The error checking devices can detect if malfunctions, in hardware, software, or the calculation device itself are causing calculation errors. Errors of this type are relatively rare. Sometimes a calculation device can become corrupt, over time. This can occasionally happen if the user inadvertently deletes a formula. However, this is usually not a possibility, because most well-made calculation devices have
The error checking device can indicate when numbers entered by the user do not satisfy the equation. There are default error checking devices in spreadsheet software, and also in JavaScript software that was created by converting a spreadsheet. The default devices indicate when the numbers entered by the user result in division by zero, or if the numbers are too large for the calculation device.
If the fault error-checking does not display an error message. That is there are default mechanism built into spreadsheet software that may display errors message when numbers do not satisfy an equation, IN SOME CASES. For example, if the user entered numbers that result in division by zero, you will see a fault error message.
The error checking device can spot mathematical errors while a calculation device is under construction, and after it has been completed. This can save a considerable amount of time and effort, when creating complex calculation devices, especially if there are many formulas, and/or formulas that have many terms.
This device might also spot certain types of software and computer malfunctions that result in calculation errors, which are extremely rare.
If there are errors that relate to the way the letters in the formula were defined, with the name mechanism, you will see the default error message in Microsoft Word or OpenOffice Calc, which is #NAME?
Creating A Simple Error Checking Device
Note: if you did not read the previous subtopic thoroughly you may find the following confusing. This is because, I am still using the above example, with the equation: AX+BX+KX=N. The formula for the calculated value of X, is =N/(A+B+K), which is in cell B6. This means cell B6 displays the calculated value for X.
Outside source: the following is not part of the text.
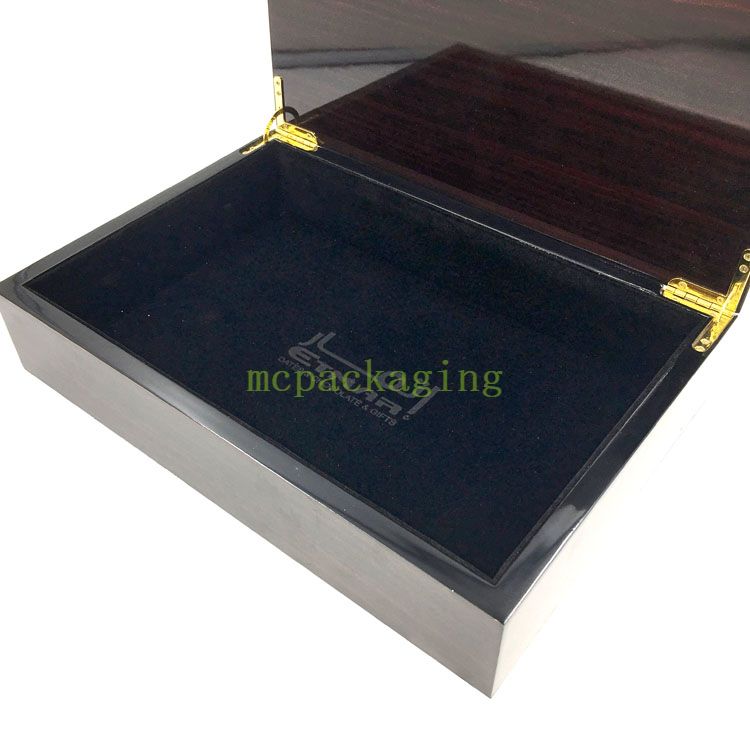 KSA Jeddah Season Wooden Box Factory Customized Saudi Arabic High Glossy Wood Sweet Date Box For Gift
We can expand the utility of the principles, and technique described in the subtopic presented above to create an error checking device. The additional utility becomes apparent when we rename cell B6 to X. Keep in mind that with our example, cell B6 contains the formula that calculates the value for X, which is the formula highlighted in yellow =N/(A+B+K). Thus, with this example, the value for X is displayed in cell B6.
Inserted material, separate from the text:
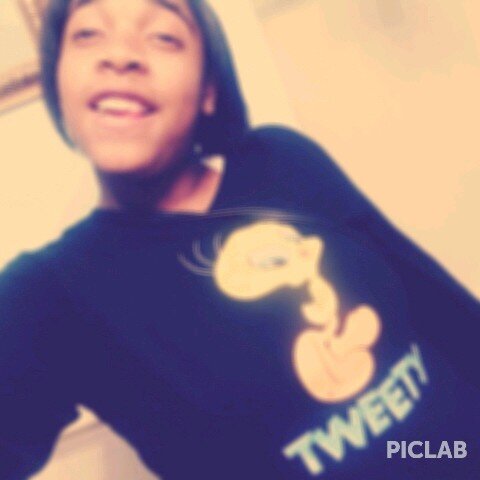 Instagram : @Queen_myhaa 
kik : Myhaaaa   Est:V1.XX111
As a result of renaming cell B6 to X, the spreadsheet software can read and evaluate the unsolved equation that we started with, if we enter asterisks (*) to indicate multiplication, as such: A*X+B*X+K*X=N.
If we place this equation without the N, =A*X+B*X+K*X in any cell on the spreadsheet, the value of N will be calculated, and displayed. If we place =N in any cell on the spreadsheet the value the user entered for N will be accessed, and displayed. If there are no errors the two values will be equal. That is the calculated value for N will equal the value the user entered for N. In general, the left side and right side of an equation must be equal. With our example, the left side is (A*X+B*X+K*X) and right side is (N).
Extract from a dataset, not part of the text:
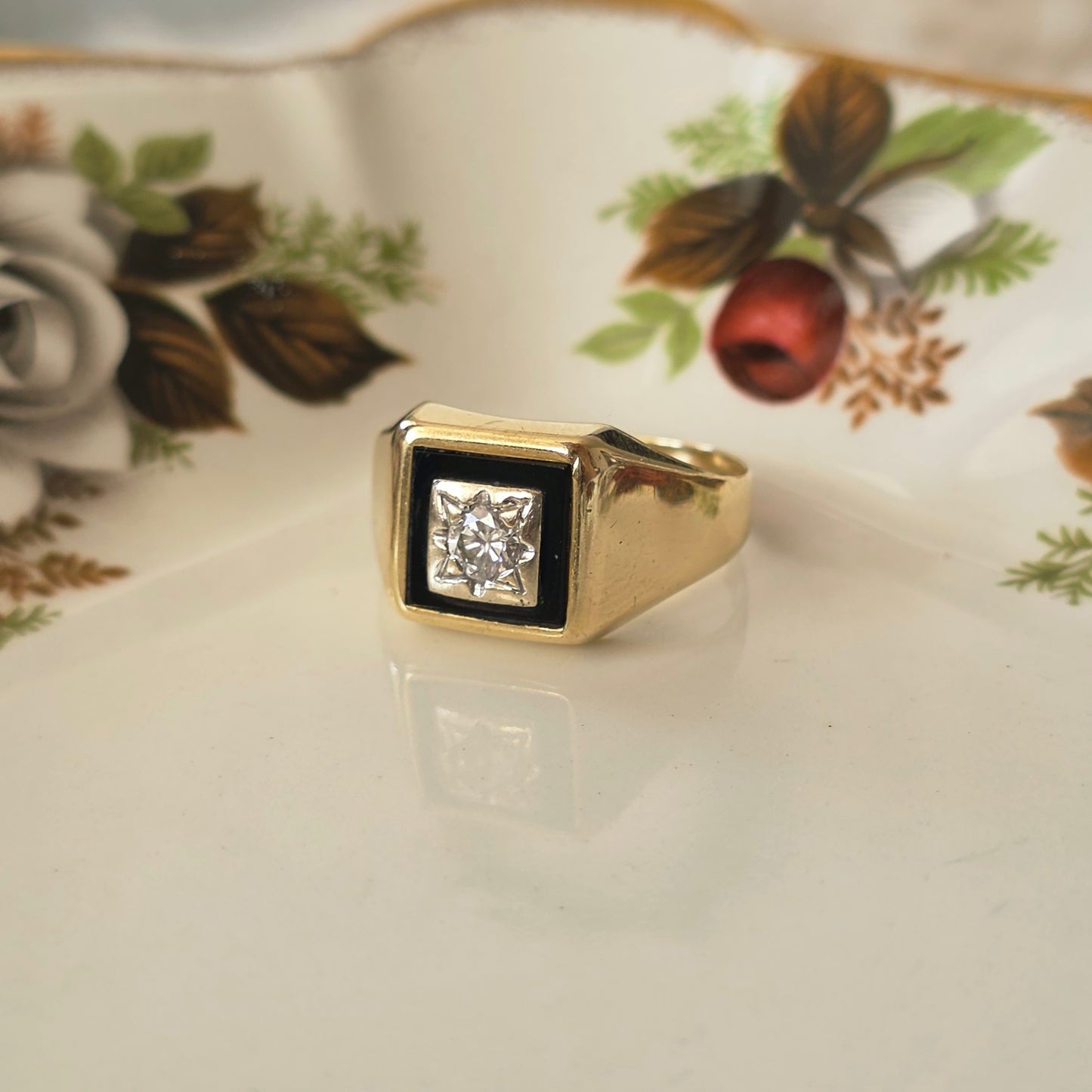 Vintage 14k gouden zegelring met onyx en diamant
With the principles described above, we can create an error checking device that displays TRUE when there are no errors, and FALSE when there are errors. To do this the above equation is placed in any convenient cell on the spreadsheet, with an additional equal sign on the left, as such =A*X+B*X+K*X=N. If there are no errors the implied equality represented by the equal sign (=) is true. In such a case, Microsoft Excel, and OpenOffice Calc, will automatically display the word TRUE. If there are errors, the implied equality between the left and right side of the equation is false, and the software will display the word FALSE. This concept also works in the JavaScript formats, and probably with several other brands of spreadsheet software.
The simple error checking device described above can save time when creating a calculation device. This is especially the case, when a calculation device requires a large number of complex equations, which must be converted to spreadsheet formulas. The error checking device quickly checks formulas. For example, if the equation =A*X+B*X+K*X=N was incorrectly solved for X, such as =N/(B+K) the word FALSE will appear in the cell that contains the equation: =A*X+B*X+K*X=N. If the correct formula was entered, which is: =N/(A+B+K), you will see the word TRUE.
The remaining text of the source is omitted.